По сути, он обвинил индийцев-недхармистов в разделенной любви и преданности, в том, что они считают земли за пределами Индии священными, почитают лидеров и исповедуют верования, которые возникли не в Индии, и почитают свои святые земли выше Индии. По его мнению, они не принадлежат Индии в той же мере, что и индусы.
Нетрудно понять, почему четкое слияние религиозной и национальной идентичности, ставящее индуистов в привилегированное положение, вызывает тревогу и страх у тех, кто исключен из этого процесса.

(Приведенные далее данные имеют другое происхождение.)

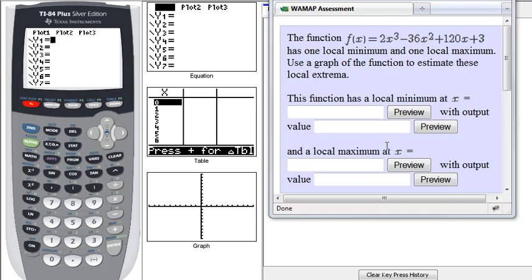All right, so we're trying to answer this question. The function, this f of x equals all this stuff here, cubic function, has one local minimum and one local maximum. Use a graph to estimate these local extrema.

Хиндутва ассоциируется с враждебностью, недоверием и растущим насилием по отношению к сообществам, которые не удовлетворяют его критериям.
Уравнение Саваркаром индуизма и Индии, которое упускало из виду универсальные претензии индуизма, сводило его к религии определенной этнической и национальной группы. Религиозный национализм, который обожествляет нацию, ее защиту и служение, только умаляет как веру, так и нацию. Неудивительно, что некоторые приверженцы этой идеологии видят в критике премьер-министра Индии Нарендры Моди негативизацию индуизма.
Версия индуизма Саваркара не является неактуальной. Она жива в различных современных организациях, таких как Раштрия Сваямсевак Сангх и его филиалы, многие из которых имеют партнерские объединения в США, некоторые из которых участвовали в Парламенте мировых религий. Знаменательно, что 26 февраля 2003 г., на фоне споров, в Центральном зале индийского парламента был открыт портрет Саваркара, расположенный напротив портрета Махатмы Ганди.
По другую сторону индуистского раскола находятся те группы, которые также присутствовали в Чикаго на прошлой неделе и которые не смешивают религиозную и национальную идентичность, для которых слово «индус» означает универсально доступную религиозную идентичность, выходящую за рамки национальности, этнической принадлежности и южноазиатской культуры.
Для этих групп быть индуистом — не то же самое, что быть индийцем. Питаемые духовными традициями, берущими начало в Индии, эти группы почитают священную географию Индии, но почитание Индии не является требованием индуистской идентичности и критерием исключения. Любовь к Индии не является антимусульманской или антихристианской.
Эти группы поднимают древнюю и мощную традицию гостеприимства к религиозному разнообразию в индуистской традиции. Эта традиция позволила индийским индусам принять широкое разнообразие религиозных верований и практик в стране и на протяжении веков предоставлять убежище преследуемым религиозным группам. Они считают, что индуистская традиция предлагает теологическое понимание религиозного разнообразия, которое дополняет разнообразие в гражданской сфере и противостоит использованию государственной власти в интересах определенной религии. Они выступают за разнообразие, справедливость, достоинство и равную ценность всех человеческих существ.
Индуизм никогда не был однородной традицией, но сегодня то, что, скорее всего, отличает одного индуиста от другого, — это его понимание отношений между индуизмом и государством. Организации, называющие себя индуистскими в США, обязаны четко излагать свои взгляды на эту тему, и неспособность сделать это оставляет место для непонимания.
Исторически сложилось так, что интересы государства и глубинные цели религиозных учений редко совпадают. В долгосрочной перспективе отказ от критического разграничения универсальных и гуманистических учений индуистской традиции и конкретного, исторического выражения индийского государства окажет серьезную услугу религии. Это ограничит потенциал традиции быть благословением для всего мира.